» **Task statement**
The records are to be copied in their entirety, exactly as given.

» **Input data**
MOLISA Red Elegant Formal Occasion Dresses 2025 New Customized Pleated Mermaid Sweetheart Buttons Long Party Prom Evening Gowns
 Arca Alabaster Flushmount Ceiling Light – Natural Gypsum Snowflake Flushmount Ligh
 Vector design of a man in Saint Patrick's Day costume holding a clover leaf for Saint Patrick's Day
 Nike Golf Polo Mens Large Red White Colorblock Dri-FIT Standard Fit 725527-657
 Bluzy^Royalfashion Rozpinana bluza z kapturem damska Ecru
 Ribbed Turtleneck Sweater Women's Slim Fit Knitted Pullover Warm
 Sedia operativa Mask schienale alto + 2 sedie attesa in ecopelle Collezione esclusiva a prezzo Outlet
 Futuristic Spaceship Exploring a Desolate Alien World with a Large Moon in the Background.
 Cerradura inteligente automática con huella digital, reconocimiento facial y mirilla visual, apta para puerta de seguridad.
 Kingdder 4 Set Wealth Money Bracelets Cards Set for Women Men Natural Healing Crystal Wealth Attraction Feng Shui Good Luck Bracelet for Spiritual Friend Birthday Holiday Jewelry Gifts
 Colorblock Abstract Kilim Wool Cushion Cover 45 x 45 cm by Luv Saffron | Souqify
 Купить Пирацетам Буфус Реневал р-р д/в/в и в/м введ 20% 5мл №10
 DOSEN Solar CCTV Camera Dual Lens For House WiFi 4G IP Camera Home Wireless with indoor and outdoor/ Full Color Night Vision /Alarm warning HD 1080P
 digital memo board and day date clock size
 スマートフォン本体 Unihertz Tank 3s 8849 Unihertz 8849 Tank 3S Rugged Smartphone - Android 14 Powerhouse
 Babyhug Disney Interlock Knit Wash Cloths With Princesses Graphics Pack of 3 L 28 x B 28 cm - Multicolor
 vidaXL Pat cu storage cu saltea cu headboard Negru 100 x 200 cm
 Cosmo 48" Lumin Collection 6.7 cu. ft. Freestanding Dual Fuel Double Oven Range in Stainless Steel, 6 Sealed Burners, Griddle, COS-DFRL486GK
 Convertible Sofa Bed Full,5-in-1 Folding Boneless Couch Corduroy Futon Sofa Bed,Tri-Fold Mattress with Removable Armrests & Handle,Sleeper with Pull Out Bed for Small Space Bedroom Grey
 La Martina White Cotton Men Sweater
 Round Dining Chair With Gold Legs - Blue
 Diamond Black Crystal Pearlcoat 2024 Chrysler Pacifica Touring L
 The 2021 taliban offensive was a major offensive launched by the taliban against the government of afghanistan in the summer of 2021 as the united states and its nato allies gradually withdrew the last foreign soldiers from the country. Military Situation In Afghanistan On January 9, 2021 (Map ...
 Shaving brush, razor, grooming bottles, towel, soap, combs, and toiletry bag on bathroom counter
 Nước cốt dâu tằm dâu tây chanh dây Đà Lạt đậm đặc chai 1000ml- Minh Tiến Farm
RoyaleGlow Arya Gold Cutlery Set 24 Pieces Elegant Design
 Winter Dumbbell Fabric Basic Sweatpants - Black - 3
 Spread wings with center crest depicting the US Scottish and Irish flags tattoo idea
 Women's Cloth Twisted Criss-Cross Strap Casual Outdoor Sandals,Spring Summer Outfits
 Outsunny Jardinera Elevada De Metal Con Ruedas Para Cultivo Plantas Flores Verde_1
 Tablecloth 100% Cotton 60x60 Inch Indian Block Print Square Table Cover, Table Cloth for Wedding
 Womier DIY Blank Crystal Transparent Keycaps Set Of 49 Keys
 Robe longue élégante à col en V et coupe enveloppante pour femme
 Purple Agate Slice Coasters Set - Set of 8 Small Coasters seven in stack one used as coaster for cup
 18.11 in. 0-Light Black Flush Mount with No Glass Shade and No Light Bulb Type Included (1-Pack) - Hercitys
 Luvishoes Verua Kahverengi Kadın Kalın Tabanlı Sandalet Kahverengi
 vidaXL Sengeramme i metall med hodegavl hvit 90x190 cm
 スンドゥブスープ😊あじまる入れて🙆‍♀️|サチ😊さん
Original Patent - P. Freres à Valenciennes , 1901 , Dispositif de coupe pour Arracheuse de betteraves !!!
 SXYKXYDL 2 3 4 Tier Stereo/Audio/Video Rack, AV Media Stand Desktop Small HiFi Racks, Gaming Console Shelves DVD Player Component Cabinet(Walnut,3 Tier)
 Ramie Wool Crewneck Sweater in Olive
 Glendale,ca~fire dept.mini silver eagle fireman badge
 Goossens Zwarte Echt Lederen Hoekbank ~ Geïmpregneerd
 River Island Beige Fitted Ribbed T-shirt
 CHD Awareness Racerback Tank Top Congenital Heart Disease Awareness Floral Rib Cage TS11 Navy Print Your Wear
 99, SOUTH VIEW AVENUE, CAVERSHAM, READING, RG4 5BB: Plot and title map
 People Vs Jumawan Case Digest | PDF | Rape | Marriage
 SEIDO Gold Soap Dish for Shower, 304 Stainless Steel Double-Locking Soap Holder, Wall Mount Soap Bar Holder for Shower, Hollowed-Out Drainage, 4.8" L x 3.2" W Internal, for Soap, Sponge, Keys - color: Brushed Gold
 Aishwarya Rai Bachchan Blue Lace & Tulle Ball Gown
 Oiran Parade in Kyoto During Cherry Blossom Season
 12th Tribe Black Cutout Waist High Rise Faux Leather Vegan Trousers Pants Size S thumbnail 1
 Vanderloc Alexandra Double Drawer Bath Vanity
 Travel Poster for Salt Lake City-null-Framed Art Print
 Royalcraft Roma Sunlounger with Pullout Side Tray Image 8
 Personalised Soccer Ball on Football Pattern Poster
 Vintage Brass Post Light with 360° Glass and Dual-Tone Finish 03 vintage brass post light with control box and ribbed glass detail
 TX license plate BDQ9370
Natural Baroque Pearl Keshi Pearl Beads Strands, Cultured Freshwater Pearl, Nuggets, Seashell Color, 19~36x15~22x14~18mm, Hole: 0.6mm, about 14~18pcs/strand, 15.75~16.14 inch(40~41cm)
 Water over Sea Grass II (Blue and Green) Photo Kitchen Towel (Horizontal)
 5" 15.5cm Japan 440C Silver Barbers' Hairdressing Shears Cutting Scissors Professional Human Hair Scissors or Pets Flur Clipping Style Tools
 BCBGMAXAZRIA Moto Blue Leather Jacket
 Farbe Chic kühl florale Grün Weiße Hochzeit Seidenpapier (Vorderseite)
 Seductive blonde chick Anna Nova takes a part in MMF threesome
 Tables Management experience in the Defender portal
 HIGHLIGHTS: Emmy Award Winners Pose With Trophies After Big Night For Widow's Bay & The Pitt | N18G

» **Written reply**
MOLISA Red Elegant Formal Occasion Dresses 2025 New Customized Pleated Mermaid Sweetheart Buttons Long Party Prom Evening Gowns
 Arca Alabaster Flushmount Ceiling Light – Natural Gypsum Snowflake Flushmount Ligh
 Vector design of a man in Saint Patrick's Day costume holding a clover leaf for Saint Patrick's Day
 Nike Golf Polo Mens Large Red White Colorblock Dri-FIT Standard Fit 725527-657
 Bluzy^Royalfashion Rozpinana bluza z kapturem damska Ecru
 Ribbed Turtleneck Sweater Women's Slim Fit Knitted Pullover Warm
 Sedia operativa Mask schienale alto + 2 sedie attesa in ecopelle Collezione esclusiva a prezzo Outlet
 Futuristic Spaceship Exploring a Desolate Alien World with a Large Moon in the Background.
 Cerradura inteligente automática con huella digital, reconocimiento facial y mirilla visual, apta para puerta de seguridad.
 Kingdder 4 Set Wealth Money Bracelets Cards Set for Women Men Natural Healing Crystal Wealth Attraction Feng Shui Good Luck Bracelet for Spiritual Friend Birthday Holiday Jewelry Gifts
 Colorblock Abstract Kilim Wool Cushion Cover 45 x 45 cm by Luv Saffron | Souqify
 Купить Пирацетам Буфус Реневал р-р д/в/в и в/м введ 20% 5мл №10
 DOSEN Solar CCTV Camera Dual Lens For House WiFi 4G IP Camera Home Wireless with indoor and outdoor/ Full Color Night Vision /Alarm warning HD 1080P
 digital memo board and day date clock size
 スマートフォン本体 Unihertz Tank 3s 8849 Unihertz 8849 Tank 3S Rugged Smartphone - Android 14 Powerhouse
 Babyhug Disney Interlock Knit Wash Cloths With Princesses Graphics Pack of 3 L 28 x B 28 cm - Multicolor
 vidaXL Pat cu storage cu saltea cu headboard Negru 100 x 200 cm
 Cosmo 48" Lumin Collection 6.7 cu. ft. Freestanding Dual Fuel Double Oven Range in Stainless Steel, 6 Sealed Burners, Griddle, COS-DFRL486GK
 Convertible Sofa Bed Full,5-in-1 Folding Boneless Couch Corduroy Futon Sofa Bed,Tri-Fold Mattress with Removable Armrests & Handle,Sleeper with Pull Out Bed for Small Space Bedroom Grey
 La Martina White Cotton Men Sweater
 Round Dining Chair With Gold Legs - Blue
 Diamond Black Crystal Pearlcoat 2024 Chrysler Pacifica Touring L
 The 2021 taliban offensive was a major offensive launched by the taliban against the government of afghanistan in the summer of 2021 as the united states and its nato allies gradually withdrew the last foreign soldiers from the country. Military Situation In Afghanistan On January 9, 2021 (Map ...
 Shaving brush, razor, grooming bottles, towel, soap, combs, and toiletry bag on bathroom counter
 Nước cốt dâu tằm dâu tây chanh dây Đà Lạt đậm đặc chai 1000ml- Minh Tiến Farm
RoyaleGlow Arya Gold Cutlery Set 24 Pieces Elegant Design
 Winter Dumbbell Fabric Basic Sweatpants - Black - 3
 Spread wings with center crest depicting the US Scottish and Irish flags tattoo idea
 Women's Cloth Twisted Criss-Cross Strap Casual Outdoor Sandals,Spring Summer Outfits
 Outsunny Jardinera Elevada De Metal Con Ruedas Para Cultivo Plantas Flores Verde_1
 Tablecloth 100% Cotton 60x60 Inch Indian Block Print Square Table Cover, Table Cloth for Wedding
 Womier DIY Blank Crystal Transparent Keycaps Set Of 49 Keys
 Robe longue élégante à col en V et coupe enveloppante pour femme
 Purple Agate Slice Coasters Set - Set of 8 Small Coasters seven in stack one used as coaster for cup
 18.11 in. 0-Light Black Flush Mount with No Glass Shade and No Light Bulb Type Included (1-Pack) - Hercitys
 Luvishoes Verua Kahverengi Kadın Kalın Tabanlı Sandalet Kahverengi
 vidaXL Sengeramme i metall med hodegavl hvit 90x190 cm
 スンドゥブスープ😊あじまる入れて🙆‍♀️|サチ😊さん
Original Patent - P. Freres à Valenciennes , 1901 , Dispositif de coupe pour Arracheuse de betteraves !!!
 SXYKXYDL 2 3 4 Tier Stereo/Audio/Video Rack, AV Media Stand Desktop Small HiFi Racks, Gaming Console Shelves DVD Player Component Cabinet(Walnut,3 Tier)
 Ramie Wool Crewneck Sweater in Olive
 Glendale,ca~fire dept.mini silver eagle fireman badge
 Goossens Zwarte Echt Lederen Hoekbank ~ Geïmpregneerd
 River Island Beige Fitted Ribbed T-shirt
 CHD Awareness Racerback Tank Top Congenital Heart Disease Awareness Floral Rib Cage TS11 Navy Print Your Wear
 99, SOUTH VIEW AVENUE, CAVERSHAM, READING, RG4 5BB: Plot and title map
 People Vs Jumawan Case Digest | PDF | Rape | Marriage
 SEIDO Gold Soap Dish for Shower, 304 Stainless Steel Double-Locking Soap Holder, Wall Mount Soap Bar Holder for Shower, Hollowed-Out Drainage, 4.8" L x 3.2" W Internal, for Soap, Sponge, Keys - color: Brushed Gold
 Aishwarya Rai Bachchan Blue Lace & Tulle Ball Gown
 Oiran Parade in Kyoto During Cherry Blossom Season
 12th Tribe Black Cutout Waist High Rise Faux Leather Vegan Trousers Pants Size S thumbnail 1
 Vanderloc Alexandra Double Drawer Bath Vanity
 Travel Poster for Salt Lake City-null-Framed Art Print
 Royalcraft Roma Sunlounger with Pullout Side Tray Image 8
 Personalised Soccer Ball on Football Pattern Poster
 Vintage Brass Post Light with 360° Glass and Dual-Tone Finish 03 vintage brass post light with control box and ribbed glass detail
 TX license plate BDQ9370
Natural Baroque Pearl Keshi Pearl Beads Strands, Cultured Freshwater Pearl, Nuggets, Seashell Color, 19~36x15~22x14~18mm, Hole: 0.6mm, about 14~18pcs/strand, 15.75~16.14 inch(40~41cm)
 Water over Sea Grass II (Blue and Green) Photo Kitchen Towel (Horizontal)
 5" 15.5cm Japan 440C Silver Barbers' Hairdressing Shears Cutting Scissors Professional Human Hair Scissors or Pets Flur Clipping Style Tools
 BCBGMAXAZRIA Moto Blue Leather Jacket
 Farbe Chic kühl florale Grün Weiße Hochzeit Seidenpapier (Vorderseite)
 Seductive blonde chick Anna Nova takes a part in MMF threesome
 Tables Management experience in the Defender portal
 HIGHLIGHTS: Emmy Award Winners Pose With Trophies After Big Night For Widow's Bay & The Pitt | N18G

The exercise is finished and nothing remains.